En l'état, les quelques pluies et orages prévus en ce début de mois de mai ne vont pas automatiquement rétablir la situation, selon lui : "Il faut des quantités pluviométriques assez importantes à cette période de l'année, puisque effectivement la végétation a repris ses droits et a besoin d'eau pour pouvoir vivre", estime l'expert. "On espère qu'au mois de mai, ça va s'arranger un tout petit peu avec des perturbations qui arrivent et qui vont permettre au moins de ralentir un peu la sécheresse des sols", poursuit David Ratheau.

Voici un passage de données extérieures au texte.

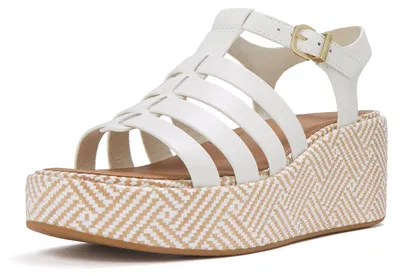 Zdjęcie produktu dla FITFLOP – sandały typu fisherman z platformą, ze skóry o splocie graficznym, model Graphic-Weave, kolor biały, rozmiar 42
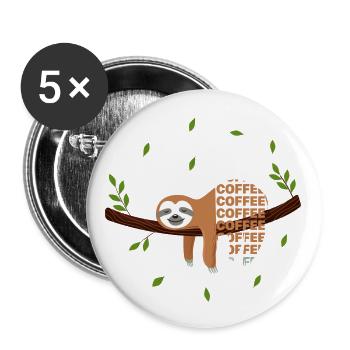 Kaffee-Faultier/ Für Faultiere - Buttons groß 56 mm (5er Pack) - Weiß - Vorne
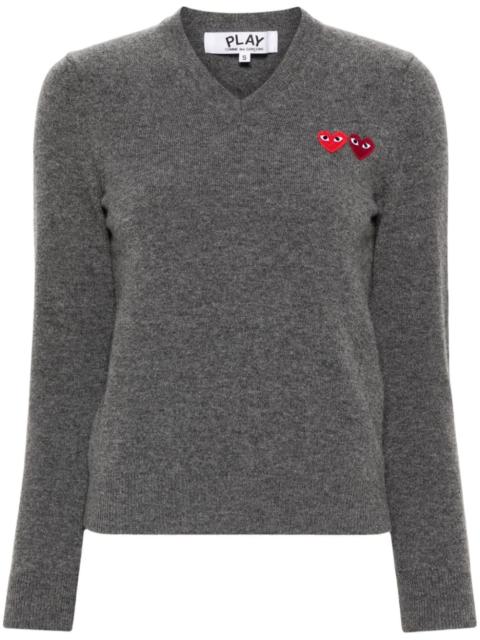 Comme des Garçons PLAY double heart wool jumper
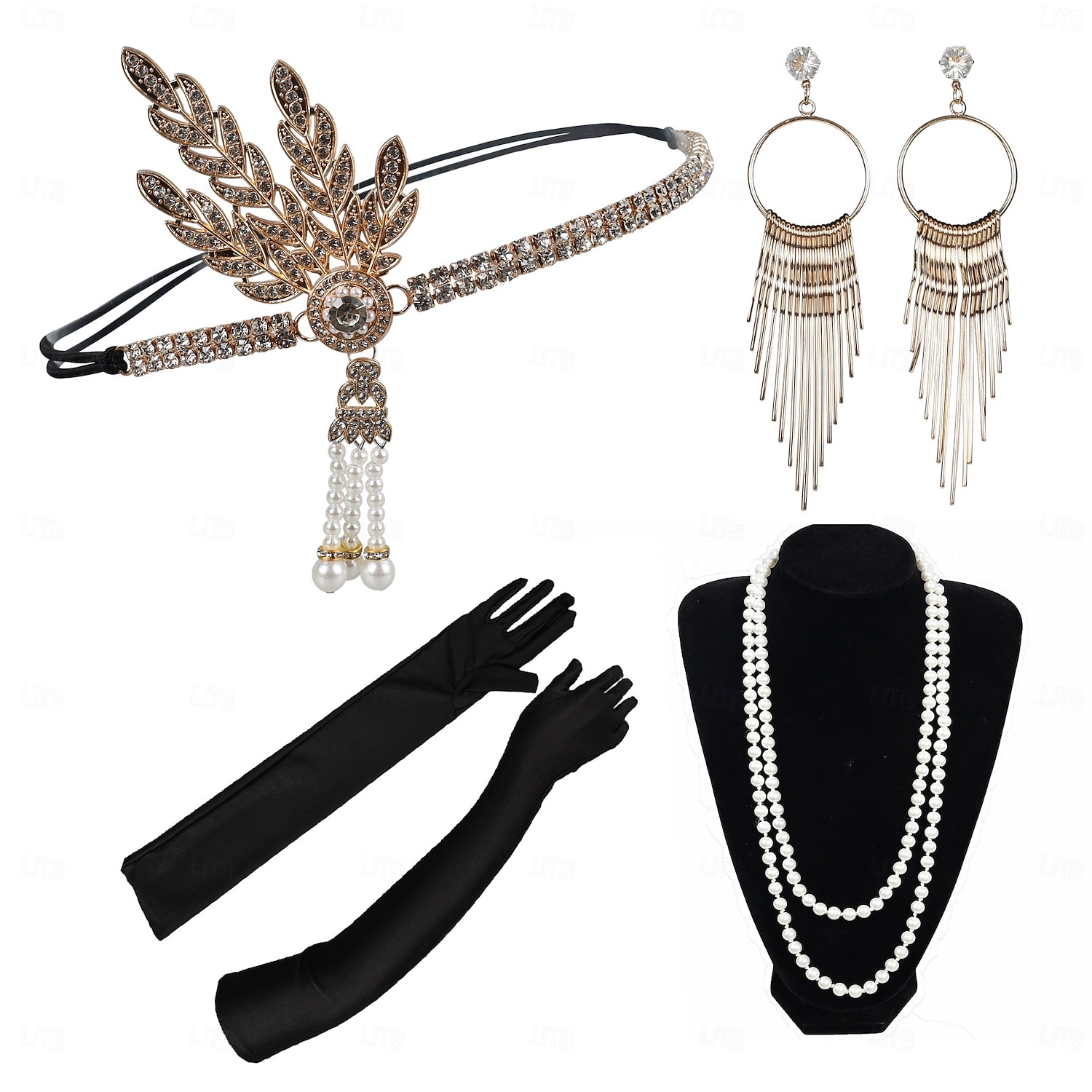 Conjunto Loucos anos 20 Anos 20 Retro Vintage Faixa De Cabelo Estilo Melindrosa Decoração de Cabelo Conjunto de acessórios O Grande Gatsby Menina melindrosa Pena Fantasia Mulheres Natal Carnaval de 2026 por $19.82 –P2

Actuellement, les nappes phréatiques "sont en phase de vidange naturelle". "Elles se rechargent plutôt en hiver avec des pluies abondantes et une végétation en dormance. Au cours du printemps et surtout en été, elles se vidangent puisqu'il y a moins d'entrées d'eau dans les réservoirs que ce qui sort dans les cours d'eau", rappelle-t-il.
Comment on peut s'adapter ? "Il faut déjà se faire à l'idée que, malheureusement, cette variabilité du climat est inscrite dans le dérèglement climatique. Ce dernier augmente effectivement le fait de passer d'un état à un autre très éloigné de manière rapide et sans prévenir. La disponibilité de l'eau va faire partie des gros sujets dans ce climat qui change car elle va impacter l'agriculture", jugeait samedi Jean-Marc Jancovici à notre micro. Reste à savoir si les sécheresses estivales seront plus importantes dans les mois à venir.